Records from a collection
• • •

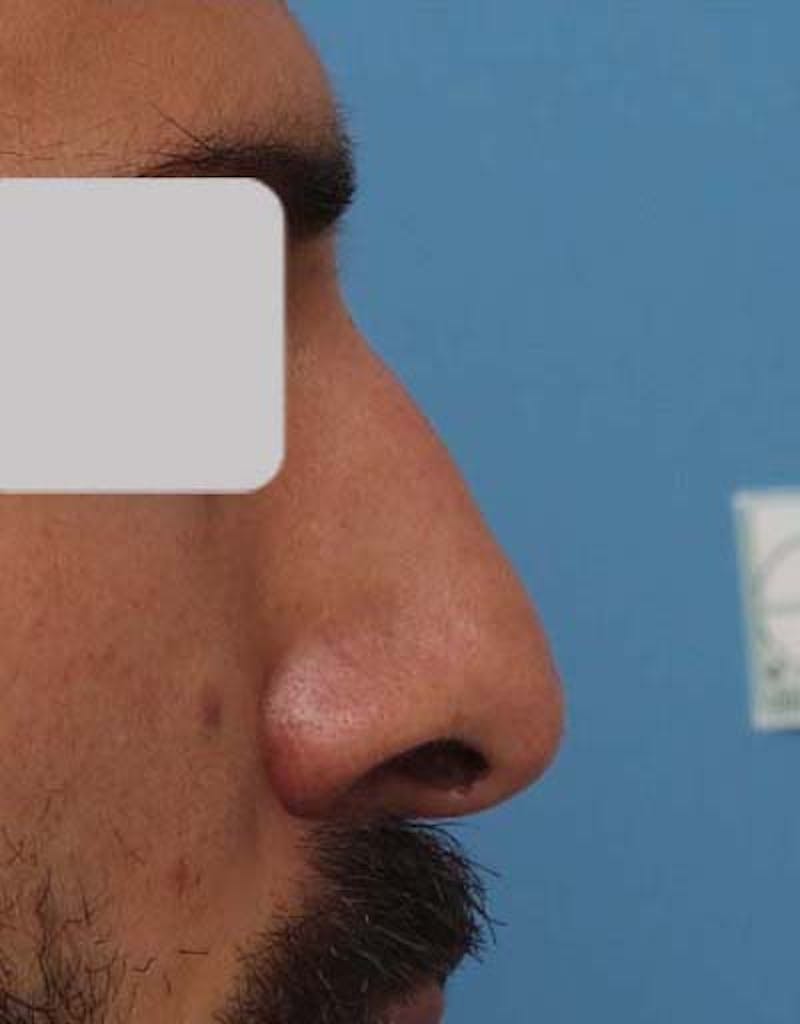 Patient XdMOSjICTD-9hPxt2K9LIQ - Male Rhinoplasty Before & After Photos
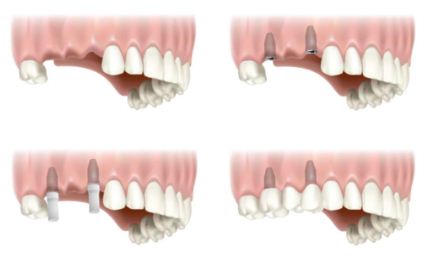 Kỹ thuật trồng răng Implant
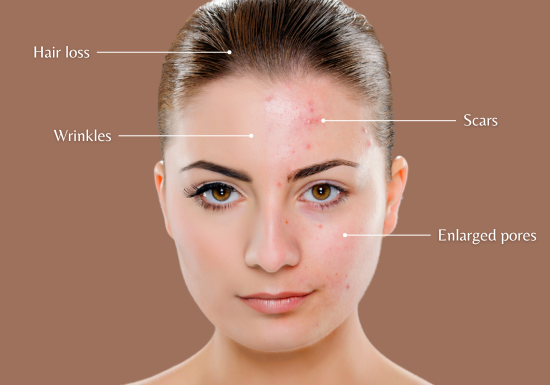 Conditions that microneedling treat or improve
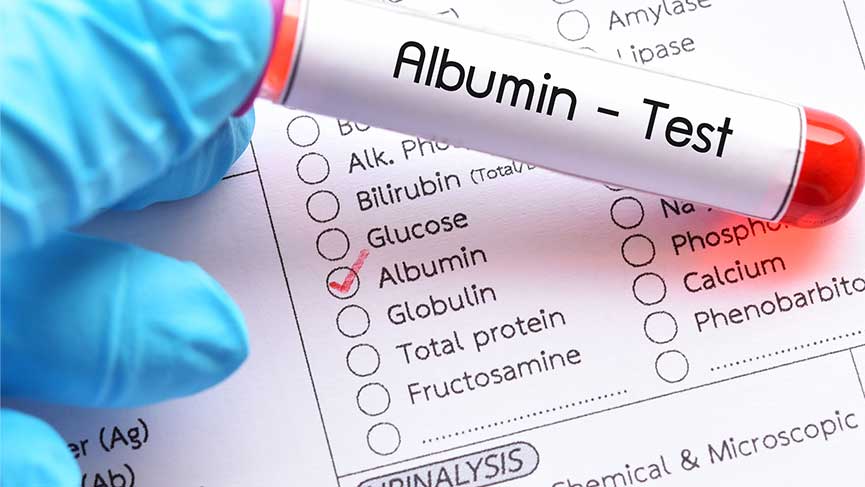 What Is Albumin?
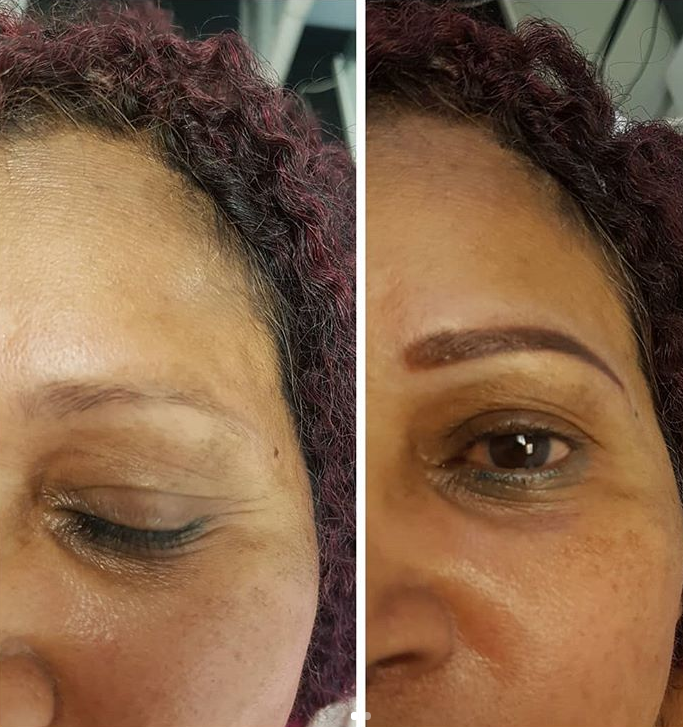 Medspa By Terezia | 200 Matheson Blvd W #104b, Mississauga, ON L5R 3L7, Canada | Phone: (416) 836-5500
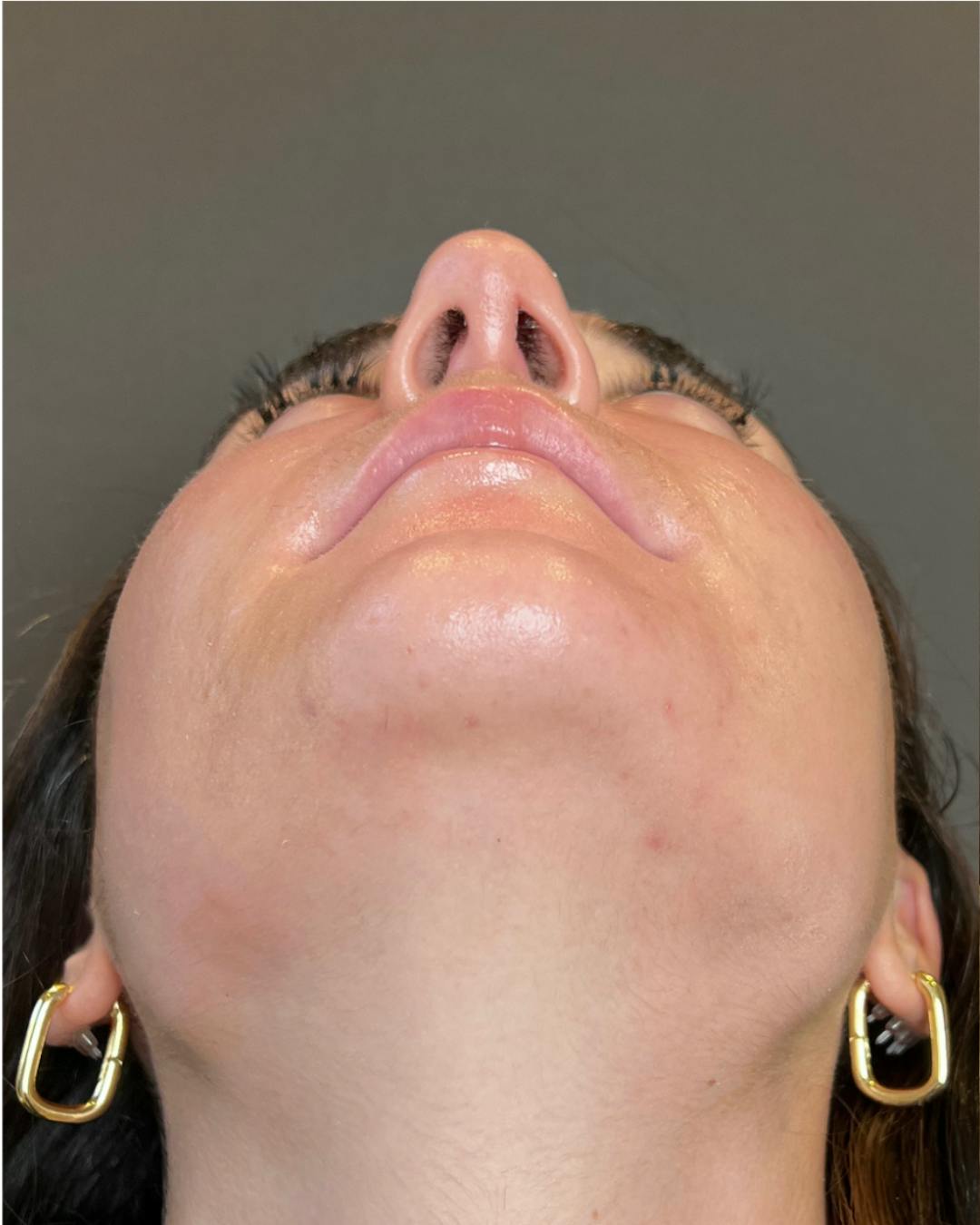 Rhinoplasty Before & After Gallery - Patient 140797 - Image 9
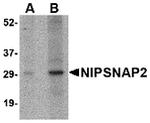 GBAS Antibody in Western Blot (WB)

• • •

**ACTIVITY**
What is needed here is an exact copy of every record, with the pictures left out.

**YOUR RESPONSE**
 Patient XdMOSjICTD-9hPxt2K9LIQ - Male Rhinoplasty Before & After Photos
 Kỹ thuật trồng răng Implant
 Conditions that microneedling treat or improve
 What Is Albumin?
 Medspa By Terezia | 200 Matheson Blvd W #104b, Mississauga, ON L5R 3L7, Canada | Phone: (416) 836-5500
 Rhinoplasty Before & After Gallery - Patient 140797 - Image 9
 GBAS Antibody in Western Blot (WB)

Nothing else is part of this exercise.